Source records
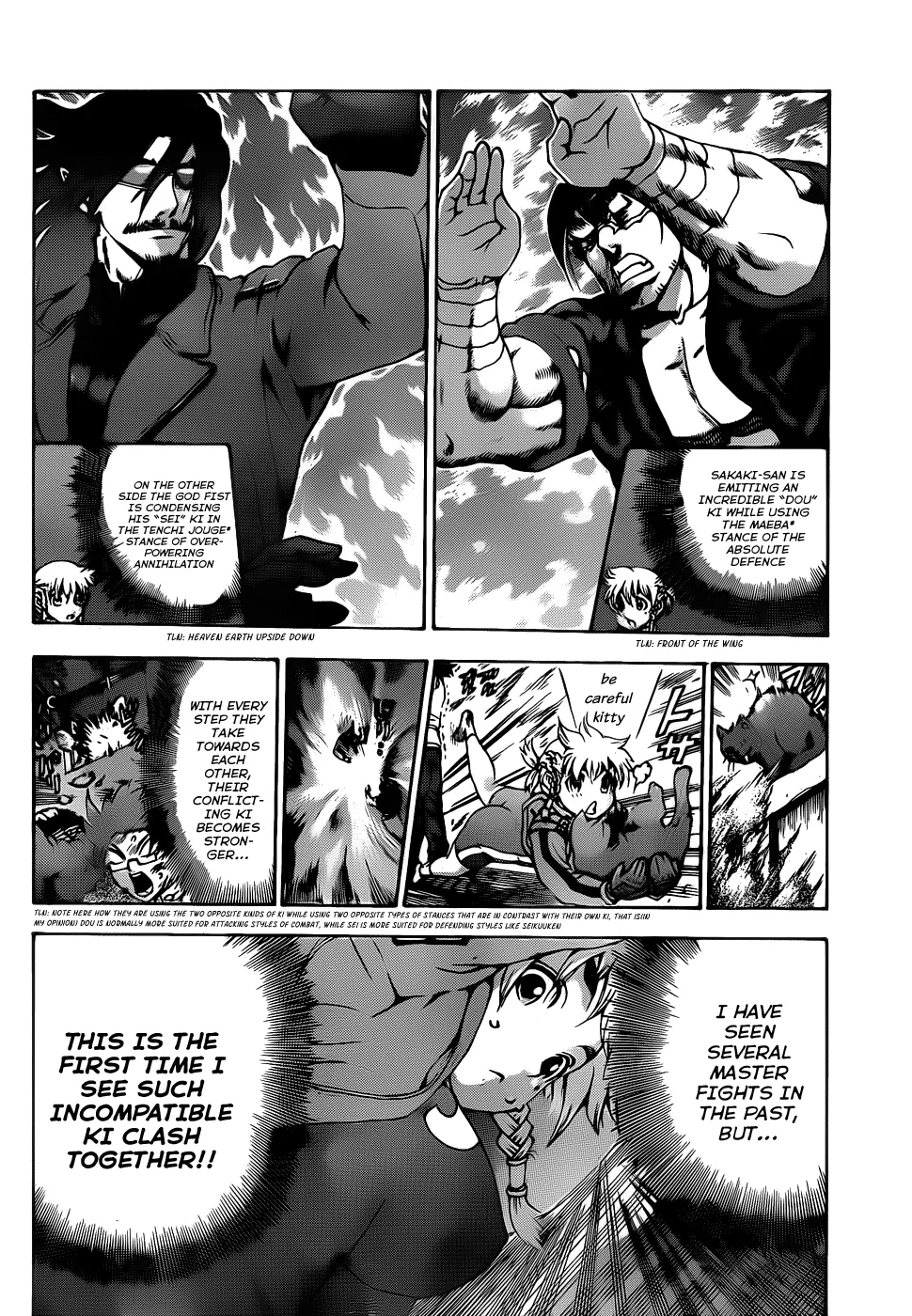 Read Historys Strongest Disciple Kenichi en Manga Online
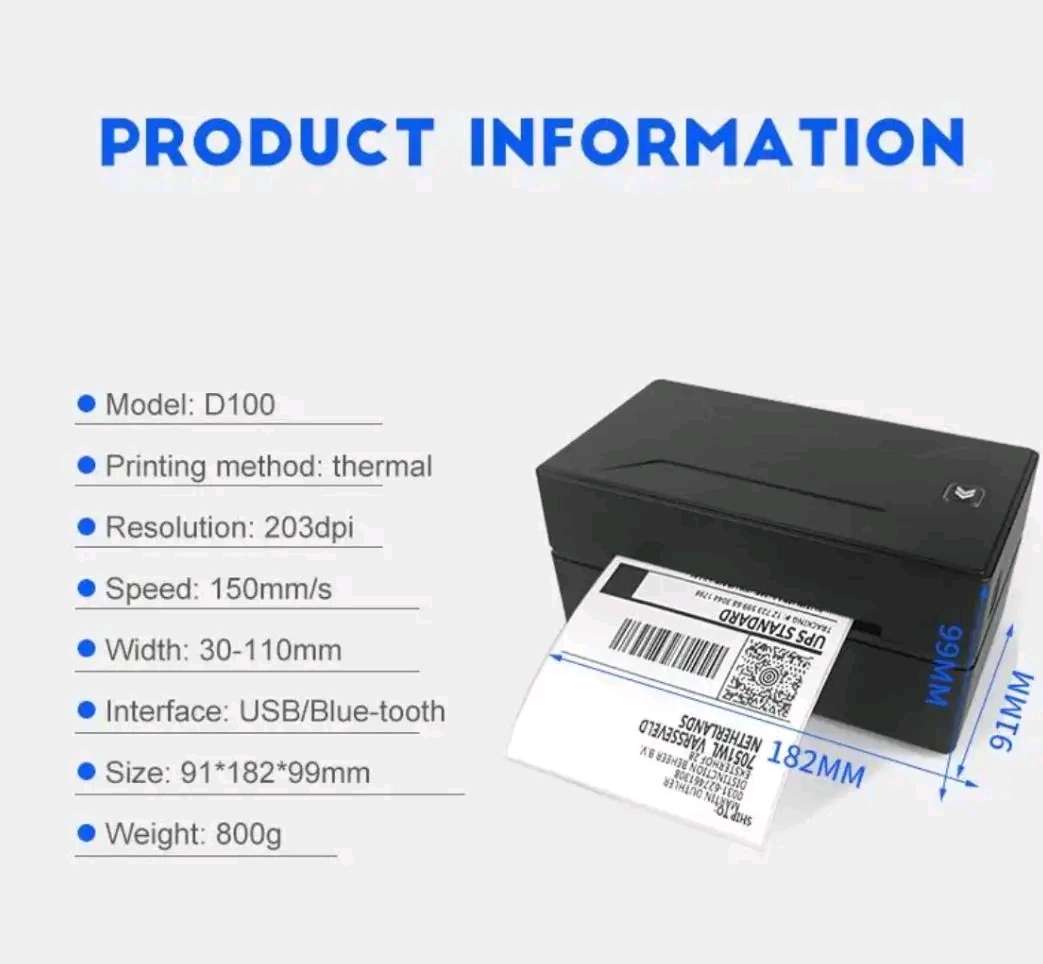 Imprimante Thermique - Image 2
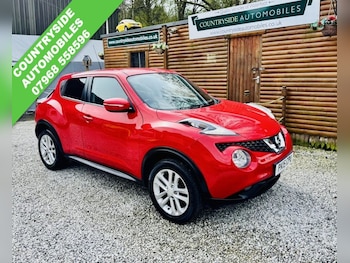 Used Nissan Juke 2015 for sale - 78256134: Photo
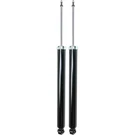 Shock Absorber Set 2012-2018 Ford Focus Fwd Rear Driver And Passenger Side. Fixed Price $54.47.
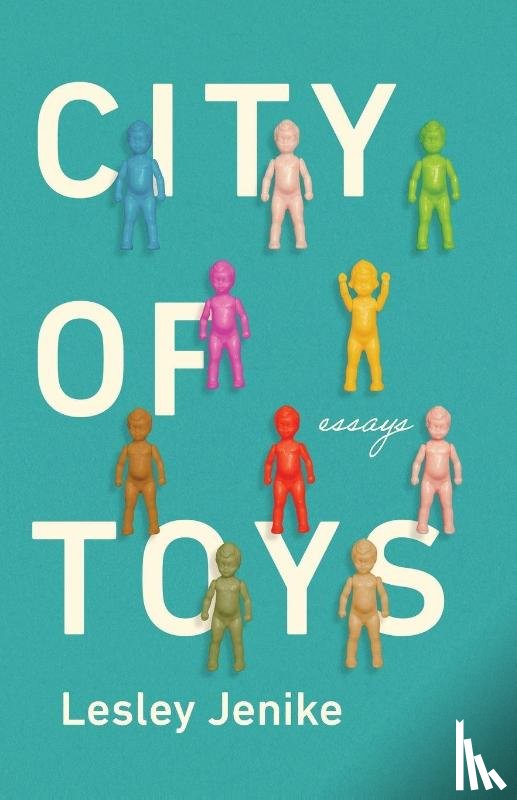 Jenike, Lesley - City of Toys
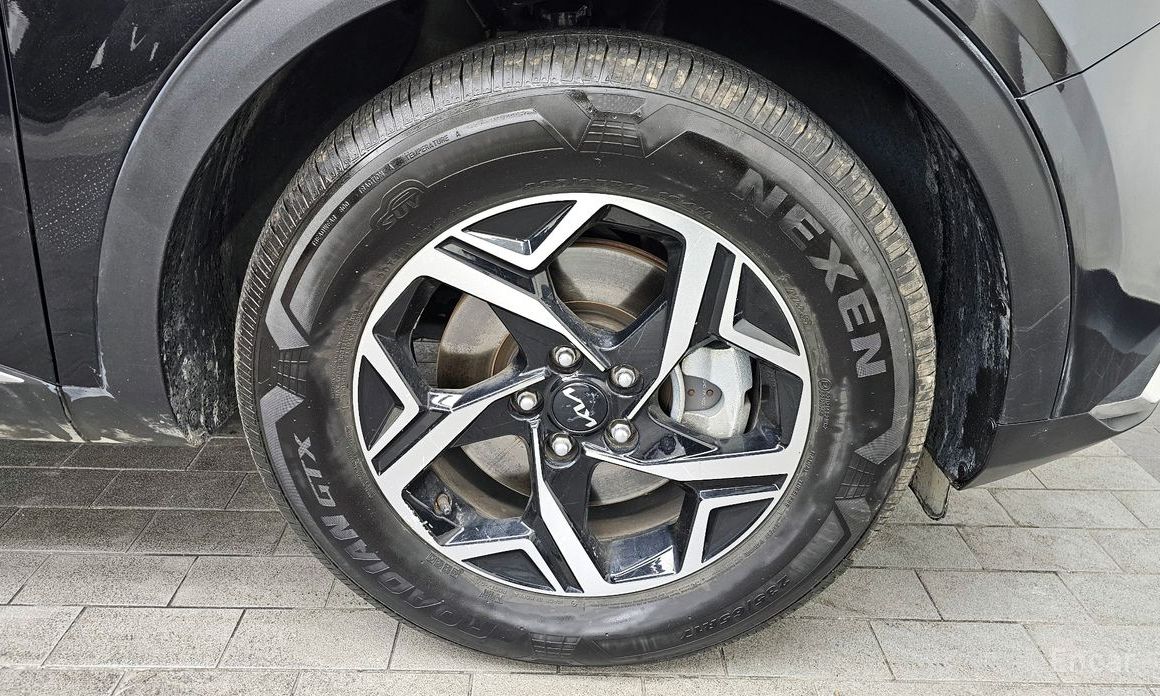  Kia Sportage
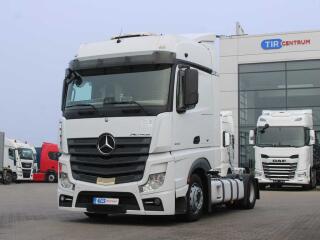 Mercedes-Benz Actros 1845, GIGA SPACE, LOWDECK, NEZ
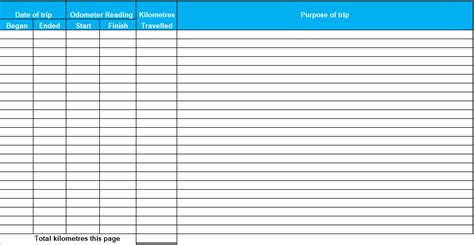 Fitnessadsheet template free workout log book templates tracker. vehicle log book template excel | Book template, Book ...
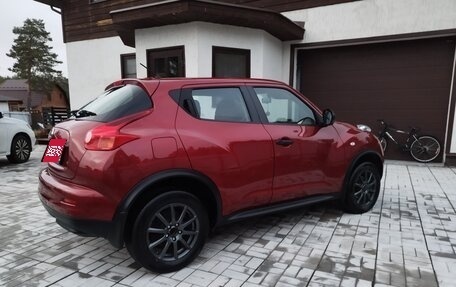 Nissan Juke II, 2012 год, 1 180 000 рублей, 1 фотография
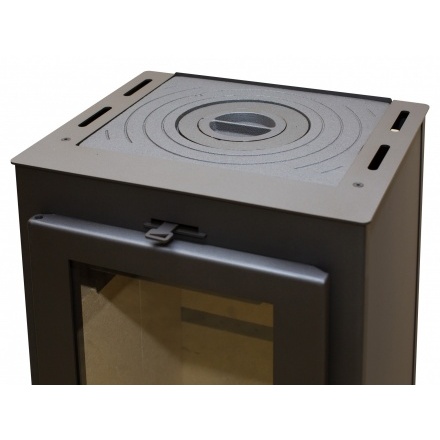 Печь-камин Мета-Бел АОТ 7.0 в модификации Нарва 7М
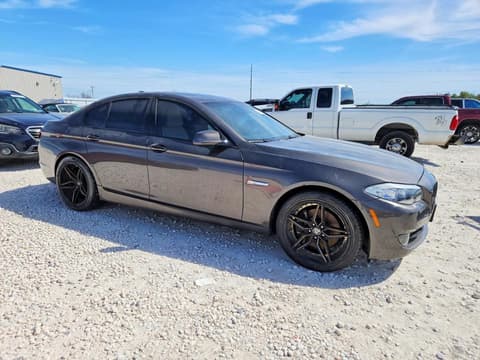 2011 Bmw 5 Series, VIN WBAFR9C55BDE81533. Фото 4 з 6 з аукціону Copart. Каталог авто зі США OpenDataCar.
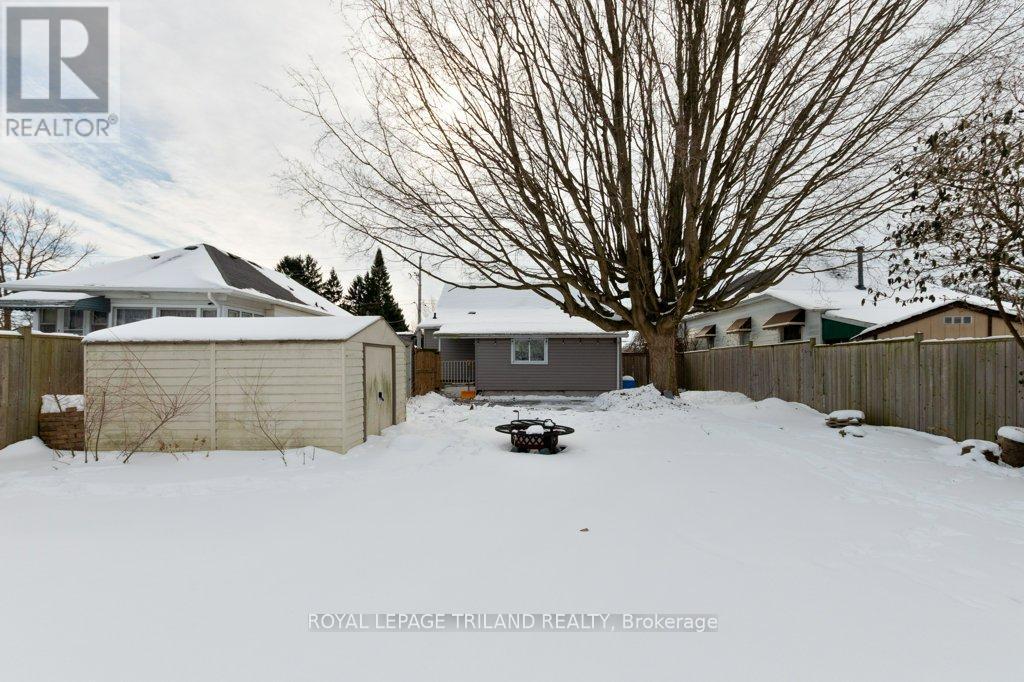 80 Edward Street, St. Thomas, ON - Outdoor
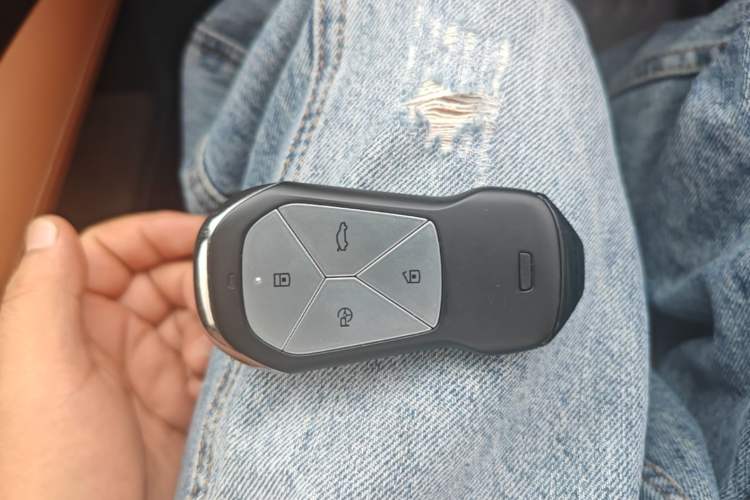 Used XPeng P5 2021 550P Vehicle Key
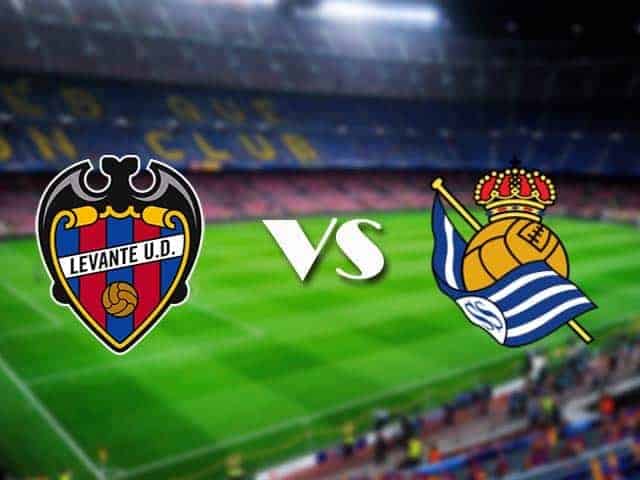 Soi kèo bóng đá 188 Levante vs Real Sociedad, 07/05/2022 – La Liga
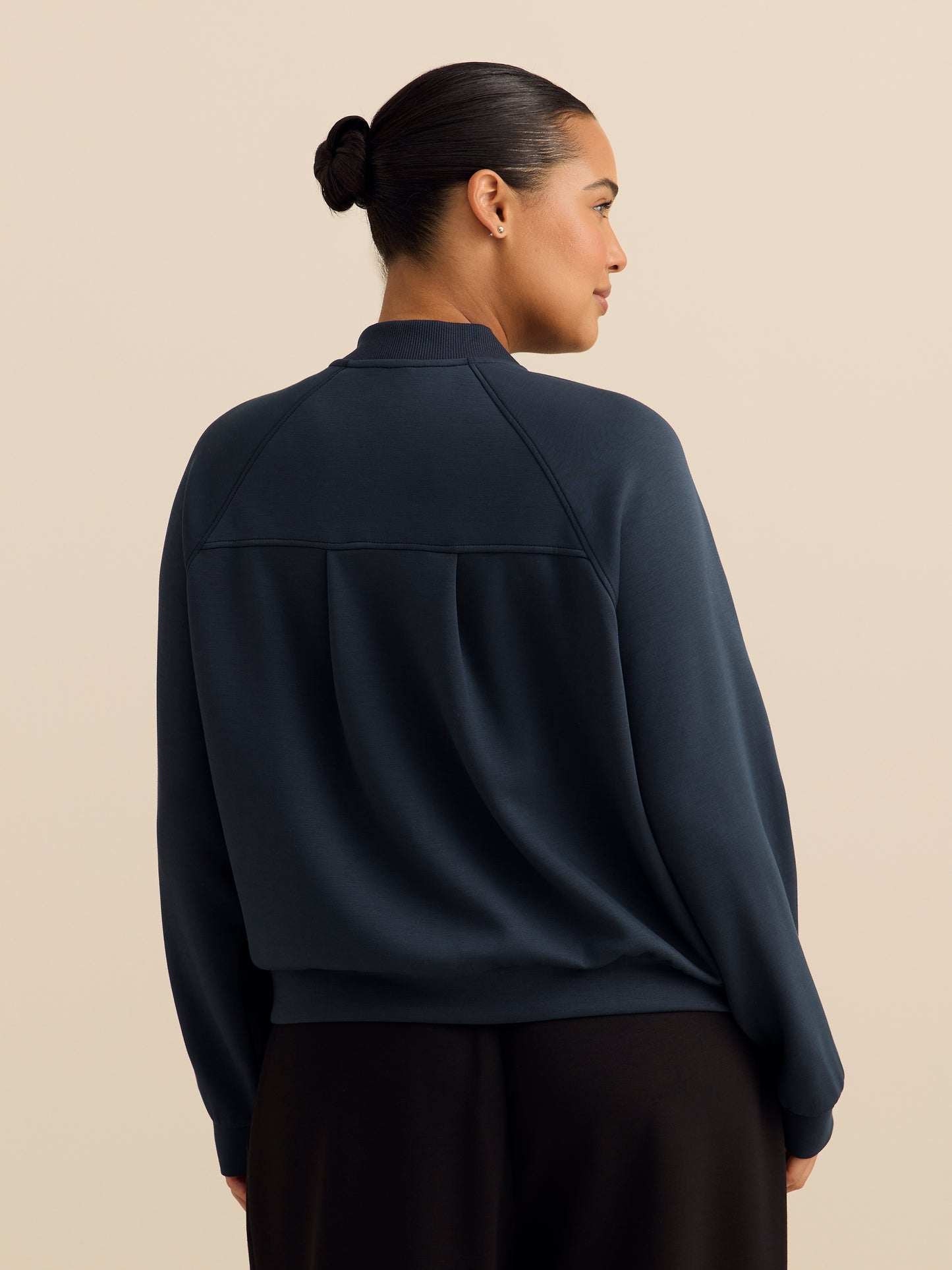 Bomber Jacket - HYLUX Hyba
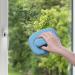 Window Screen Cleaner Brush Magnetic Glass Window Cleaning Tool Double use Wet and Dry Home Wizard Wiper Window Cleaner Blue - Buy Online on GoSupps.com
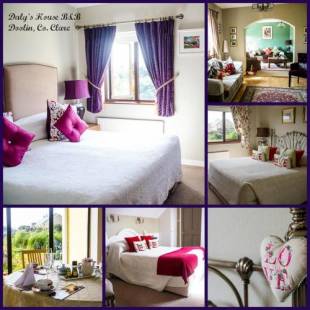 Фотографии мини отеля 
            Daly's House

Work request
Nothing but the lines from the line with "Used XPeng P5 2021 550P Vehicle Key" through the last line of the data above should be printed, exactly as written and without pictures.

Answer area
 Used XPeng P5 2021 550P Vehicle Key
 Soi kèo bóng đá 188 Levante vs Real Sociedad, 07/05/2022 – La Liga
 Bomber Jacket - HYLUX Hyba
 Window Screen Cleaner Brush Magnetic Glass Window Cleaning Tool Double use Wet and Dry Home Wizard Wiper Window Cleaner Blue - Buy Online on GoSupps.com
 Фотографии мини отеля 
            Daly's House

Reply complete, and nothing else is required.